*Task directions*
Restate each line of the listing exactly, without carrying over any pictures.

*Information provided*
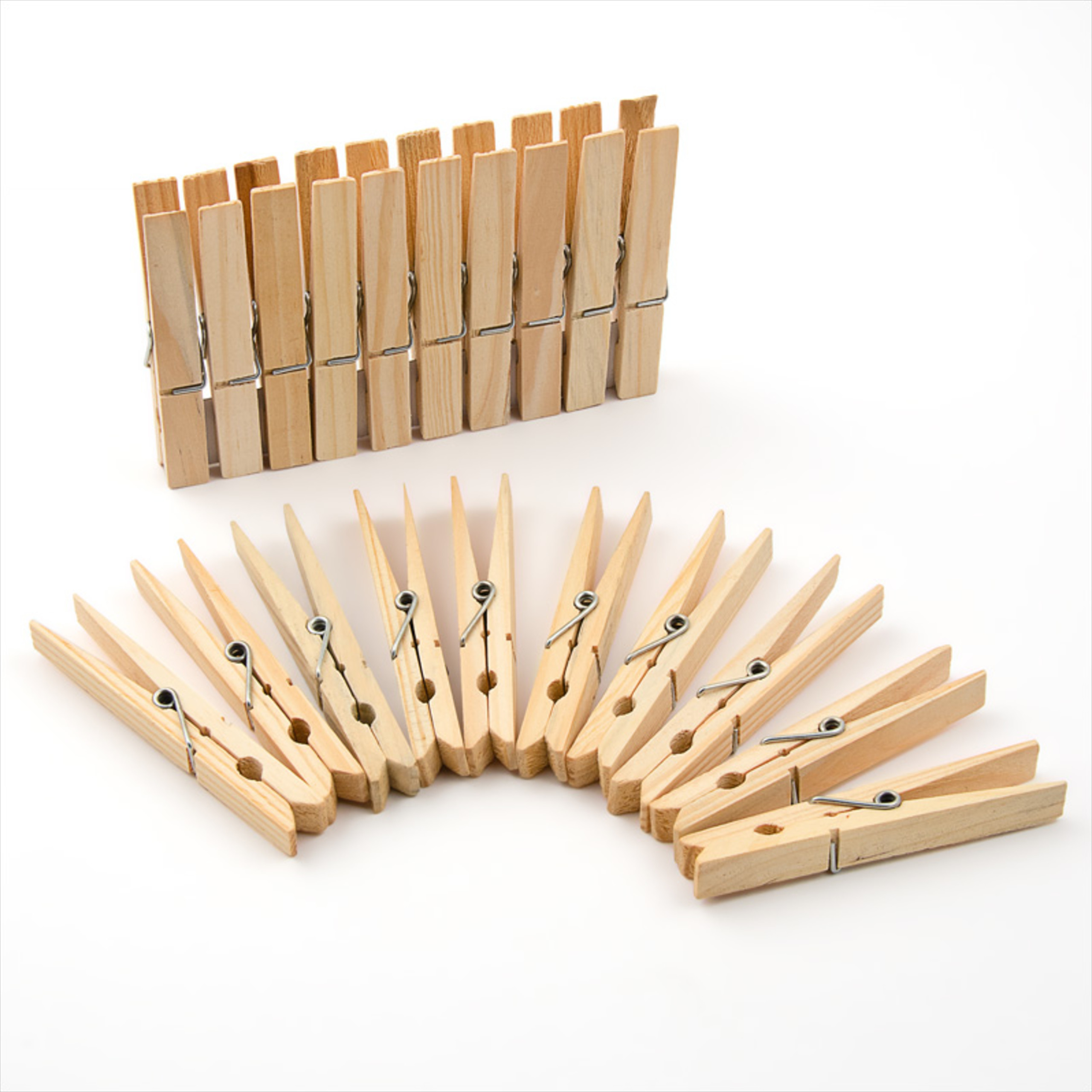 Holzklammern 20 Wäscheklammern Klammern groß Sockenklammern Holz Spiralfeder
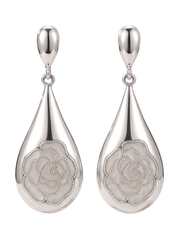 Fleur de Camélia - Fleur de Camélia Rosalind Dangle Earrings in Silver and White - Buy Online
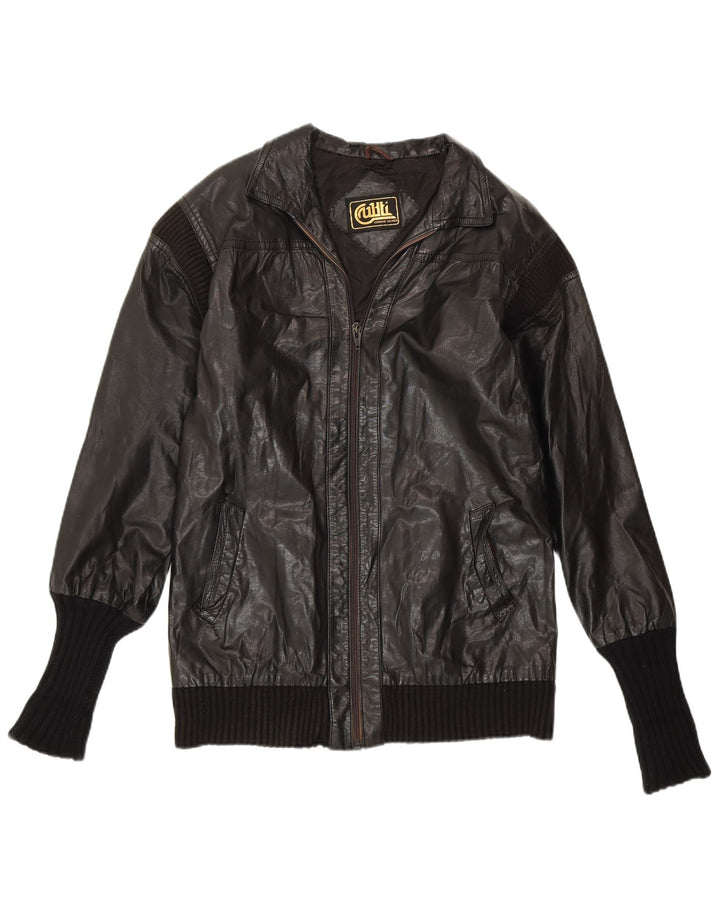 VINTAGE ženska kožna jakna UK 14 Srednja crna koža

*Written answer*
 Holzklammern 20 Wäscheklammern Klammern groß Sockenklammern Holz Spiralfeder
 Fleur de Camélia - Fleur de Camélia Rosalind Dangle Earrings in Silver and White - Buy Online
 VINTAGE ženska kožna jakna UK 14 Srednja crna koža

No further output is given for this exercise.